Personal information
- Full name: Gabriel Badilla Segura
- Date of birth: June 30, 1984
- Place of birth: San José, Costa Rica
- Date of death: November 20, 2016 (aged 32)
- Height: 5 ft 11 in (1.80 m)
- Position: Defender

Youth career
- Saprissa

Senior career*
- Years: Team / Apps / (Gls)
- 2001–2008: Saprissa / 128 / (12)
- 2008–2009: New England Revolution / 6 / (0)
- 2010–2016: Saprissa / 111 / (6)
- Total:  / 245 / (18)

International career
- 2005–2012: Costa Rica / 25 / (1)

= Gabriel Badilla =

Costa Rican footballer (1984-2016)

Gabriel Badilla Segura (June 30, 1984 – November 20, 2016) was a Costa Rican footballer who played as a defender.

==Club career==
Badilla began his career with Deportivo Saprissa, with whom he won two national championships as well as a UNCAF Cup title and a CONCACAF Champions Cup title.
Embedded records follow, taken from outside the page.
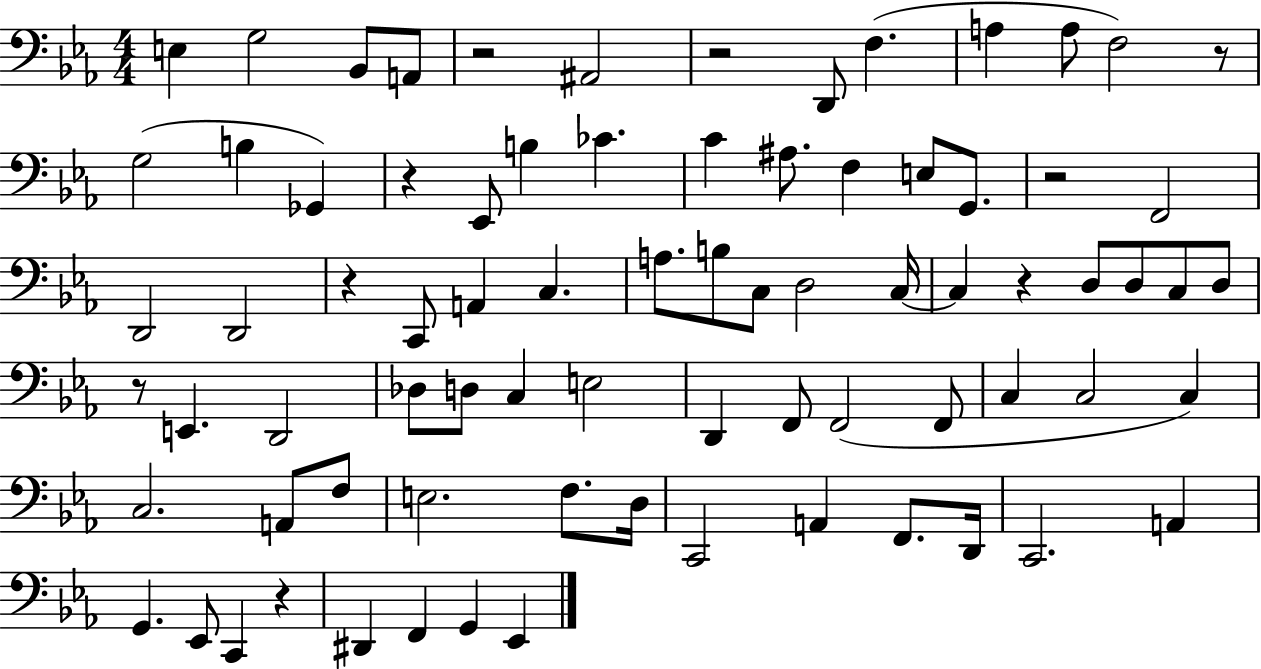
X:1
T:Untitled
M:4/4
L:1/4
K:Eb
E, G,2 _B,,/2 A,,/2 z2 ^A,,2 z2 D,,/2 F, A, A,/2 F,2 z/2 G,2 B, _G,, z _E,,/2 B, _C C ^A,/2 F, E,/2 G,,/2 z2 F,,2 D,,2 D,,2 z C,,/2 A,, C, A,/2 B,/2 C,/2 D,2 C,/4 C, z D,/2 D,/2 C,/2 D,/2 z/2 E,, D,,2 _D,/2 D,/2 C, E,2 D,, F,,/2 F,,2 F,,/2 C, C,2 C, C,2 A,,/2 F,/2 E,2 F,/2 D,/4 C,,2 A,, F,,/2 D,,/4 C,,2 A,, G,, _E,,/2 C,, z ^D,, F,, G,, _E,,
He was part of the team that played the 2005 FIFA Club World Championship and finished third behind São Paulo and Liverpool

Badilla signed for New England Revolution on August 18, 2008. He became an important part of the Revolution backline as the 2008 season progressed.
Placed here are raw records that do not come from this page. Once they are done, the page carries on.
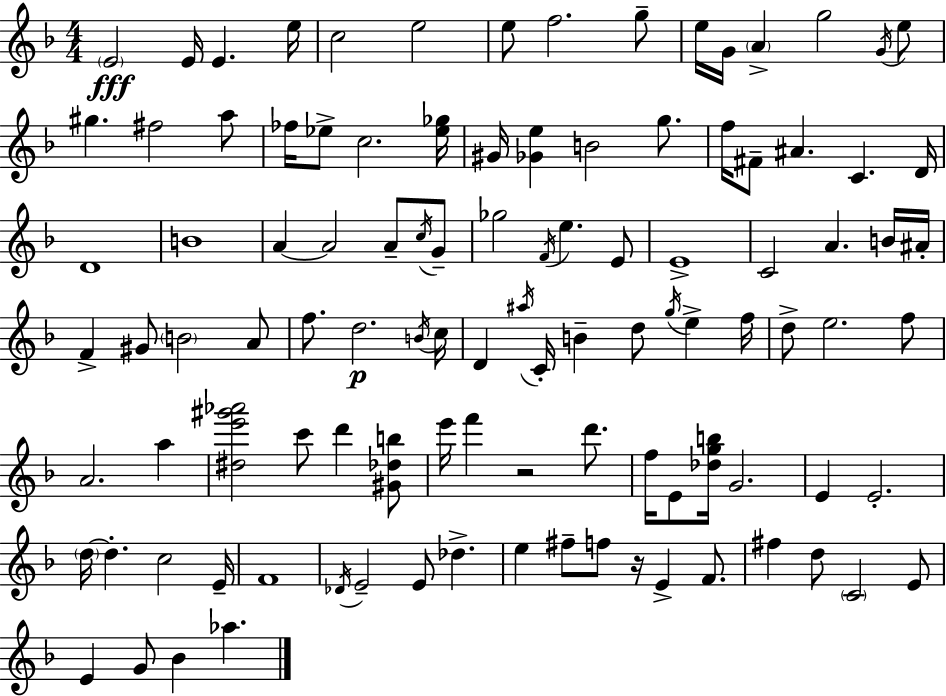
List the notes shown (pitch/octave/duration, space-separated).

E4/h E4/s E4/q. E5/s C5/h E5/h E5/e F5/h. G5/e E5/s G4/s A4/q G5/h G4/s E5/e G#5/q. F#5/h A5/e FES5/s Eb5/e C5/h. [Eb5,Gb5]/s G#4/s [Gb4,E5]/q B4/h G5/e. F5/s F#4/e A#4/q. C4/q. D4/s D4/w B4/w A4/q A4/h A4/e C5/s G4/e Gb5/h F4/s E5/q. E4/e E4/w C4/h A4/q. B4/s A#4/s F4/q G#4/e B4/h A4/e F5/e. D5/h. B4/s C5/s D4/q A#5/s C4/s B4/q D5/e G5/s E5/q F5/s D5/e E5/h. F5/e A4/h. A5/q [D#5,E6,G#6,Ab6]/h C6/e D6/q [G#4,Db5,B5]/e E6/s F6/q R/h D6/e. F5/s E4/e [Db5,G5,B5]/s G4/h. E4/q E4/h. D5/s D5/q. C5/h E4/s F4/w Db4/s E4/h E4/e Db5/q. E5/q F#5/e F5/e R/s E4/q F4/e. F#5/q D5/e C4/h E4/e E4/q G4/e Bb4/q Ab5/q.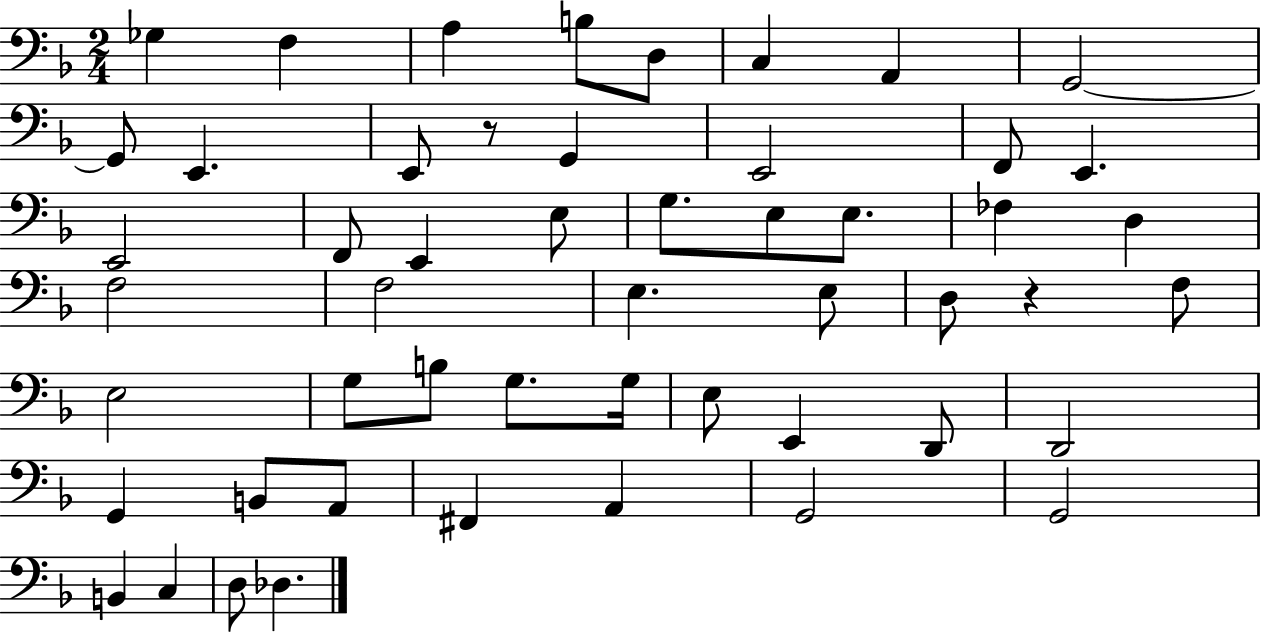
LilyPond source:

{
  \clef bass
  \numericTimeSignature
  \time 2/4
  \key f \major
  ges4 f4 | a4 b8 d8 | c4 a,4 | g,2~~ | \break g,8 e,4. | e,8 r8 g,4 | e,2 | f,8 e,4. | \break e,2 | f,8 e,4 e8 | g8. e8 e8. | fes4 d4 | \break f2 | f2 | e4. e8 | d8 r4 f8 | \break e2 | g8 b8 g8. g16 | e8 e,4 d,8 | d,2 | \break g,4 b,8 a,8 | fis,4 a,4 | g,2 | g,2 | \break b,4 c4 | d8 des4. | \bar "|."
}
Badilla was released by New England on March 24, 2010.

==International career==
Badilla was the captain of the Costa Rica national team that played in the 2001 FIFA U-17 World Championship held in Trinidad and Tobago He played for the senior Costa Rica national football team since 2005, including one appearance at the 2006 FIFA World Cup in Germany. He made his debut in a friendly against China on June 19, 2005.

He appeared in one match for Costa Rica at the 2005 CONCACAF Gold Cup and four matches at the 2007 CONCACAF Gold Cup. Most recently, Badilla has played in two qualifying matches for the 2010 FIFA World Cup.

==Honors==
Saprissa
- Liga FPD
  - Winner (8): 2003–04, 2005–06, 2006–07, 2007 Invierno, 2008 Verano, 2014 Verano, 2014 Invierno, 2015 Invierno
  - Runner-up: 2002–03
- CONCACAF Champions Cup
  - Winner: 2005
  - Runner-up: 2004
- UNCAF Interclub Cup
  - Winner: 2003
  - Runner-up: 2001, 2004, 2007
- Costa Rican Cup
  - Winner: 2013
  - Runner-up: 2014
- FIFA Club World Cup
  - Third place: 2005

==Personal life==
In 2013, Badilla underwent successful surgery to remove a benign tumor from his heart.

==Death==
On November 20, 2016, Badilla was participating in a local marathon known as Lindora Run. Shortly before reaching the finish line, Badilla collapsed. After a long attempt to revive him, he was declared dead due to a cardiorespiratory arrest.